> Data to process:
++++++++++++++++++++

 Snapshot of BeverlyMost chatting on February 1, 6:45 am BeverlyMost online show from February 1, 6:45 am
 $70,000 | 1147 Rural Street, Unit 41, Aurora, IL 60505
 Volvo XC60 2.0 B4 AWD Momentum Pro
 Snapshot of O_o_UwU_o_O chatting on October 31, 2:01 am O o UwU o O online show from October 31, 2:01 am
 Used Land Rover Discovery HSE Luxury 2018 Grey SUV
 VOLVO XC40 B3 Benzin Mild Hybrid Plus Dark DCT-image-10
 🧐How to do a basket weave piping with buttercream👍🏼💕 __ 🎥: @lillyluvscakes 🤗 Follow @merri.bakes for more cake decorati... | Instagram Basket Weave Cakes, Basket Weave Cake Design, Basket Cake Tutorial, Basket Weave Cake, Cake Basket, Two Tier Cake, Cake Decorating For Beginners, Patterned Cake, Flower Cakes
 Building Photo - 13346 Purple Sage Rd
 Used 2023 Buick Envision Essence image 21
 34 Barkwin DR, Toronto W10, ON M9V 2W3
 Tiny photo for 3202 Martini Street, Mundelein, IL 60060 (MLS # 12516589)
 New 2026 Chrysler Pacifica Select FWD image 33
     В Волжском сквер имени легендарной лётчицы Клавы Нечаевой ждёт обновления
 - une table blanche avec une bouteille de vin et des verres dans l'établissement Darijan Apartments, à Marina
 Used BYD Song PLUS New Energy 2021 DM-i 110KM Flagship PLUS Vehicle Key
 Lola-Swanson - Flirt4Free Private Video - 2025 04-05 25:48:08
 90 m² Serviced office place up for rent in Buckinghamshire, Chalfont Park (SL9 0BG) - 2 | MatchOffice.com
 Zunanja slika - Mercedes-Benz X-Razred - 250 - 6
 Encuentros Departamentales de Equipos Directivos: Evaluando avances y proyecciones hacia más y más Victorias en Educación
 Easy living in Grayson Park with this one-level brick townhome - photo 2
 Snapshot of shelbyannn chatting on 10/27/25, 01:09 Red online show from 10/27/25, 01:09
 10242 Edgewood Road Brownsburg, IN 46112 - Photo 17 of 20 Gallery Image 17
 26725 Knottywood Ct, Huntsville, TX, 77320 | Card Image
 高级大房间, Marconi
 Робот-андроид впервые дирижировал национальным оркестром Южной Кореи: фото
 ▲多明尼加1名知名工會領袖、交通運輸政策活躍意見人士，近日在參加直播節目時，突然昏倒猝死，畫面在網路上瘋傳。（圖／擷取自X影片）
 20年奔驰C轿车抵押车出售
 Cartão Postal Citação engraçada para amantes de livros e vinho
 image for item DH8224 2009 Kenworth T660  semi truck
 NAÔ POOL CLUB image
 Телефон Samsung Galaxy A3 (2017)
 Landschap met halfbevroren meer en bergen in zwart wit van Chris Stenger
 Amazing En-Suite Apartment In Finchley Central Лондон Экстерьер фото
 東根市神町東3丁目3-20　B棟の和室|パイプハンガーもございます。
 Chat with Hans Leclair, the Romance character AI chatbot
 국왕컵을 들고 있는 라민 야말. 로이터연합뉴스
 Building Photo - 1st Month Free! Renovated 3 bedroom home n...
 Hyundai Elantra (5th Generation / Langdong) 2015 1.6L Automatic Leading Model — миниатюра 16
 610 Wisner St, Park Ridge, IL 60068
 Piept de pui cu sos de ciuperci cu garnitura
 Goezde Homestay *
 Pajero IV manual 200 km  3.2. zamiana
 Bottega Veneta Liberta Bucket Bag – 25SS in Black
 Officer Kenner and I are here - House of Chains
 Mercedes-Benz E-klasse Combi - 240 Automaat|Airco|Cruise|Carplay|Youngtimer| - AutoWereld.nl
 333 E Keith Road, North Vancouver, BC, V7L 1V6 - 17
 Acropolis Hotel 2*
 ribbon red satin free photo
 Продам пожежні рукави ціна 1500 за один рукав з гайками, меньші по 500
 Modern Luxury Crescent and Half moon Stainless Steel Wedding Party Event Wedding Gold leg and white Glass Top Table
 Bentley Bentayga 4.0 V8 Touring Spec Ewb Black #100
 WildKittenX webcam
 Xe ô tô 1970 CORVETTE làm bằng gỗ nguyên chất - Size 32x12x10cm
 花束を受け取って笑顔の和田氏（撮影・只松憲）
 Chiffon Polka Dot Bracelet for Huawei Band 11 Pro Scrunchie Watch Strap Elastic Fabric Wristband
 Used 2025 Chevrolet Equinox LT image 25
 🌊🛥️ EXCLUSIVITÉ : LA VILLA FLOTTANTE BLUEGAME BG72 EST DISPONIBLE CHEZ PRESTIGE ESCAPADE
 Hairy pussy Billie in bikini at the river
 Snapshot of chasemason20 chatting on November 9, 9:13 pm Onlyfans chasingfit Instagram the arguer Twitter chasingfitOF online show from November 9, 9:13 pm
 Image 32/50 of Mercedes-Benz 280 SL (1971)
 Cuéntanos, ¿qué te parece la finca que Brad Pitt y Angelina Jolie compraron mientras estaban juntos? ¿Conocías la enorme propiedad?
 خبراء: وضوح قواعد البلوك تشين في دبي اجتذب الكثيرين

++++++++++++++++++++

> To do:
Search the records for the word "фото" and copy every line where it occurs.

> Answer box:
 Робот-андроид впервые дирижировал национальным оркестром Южной Кореи: фото
 Amazing En-Suite Apartment In Finchley Central Лондон Экстерьер фото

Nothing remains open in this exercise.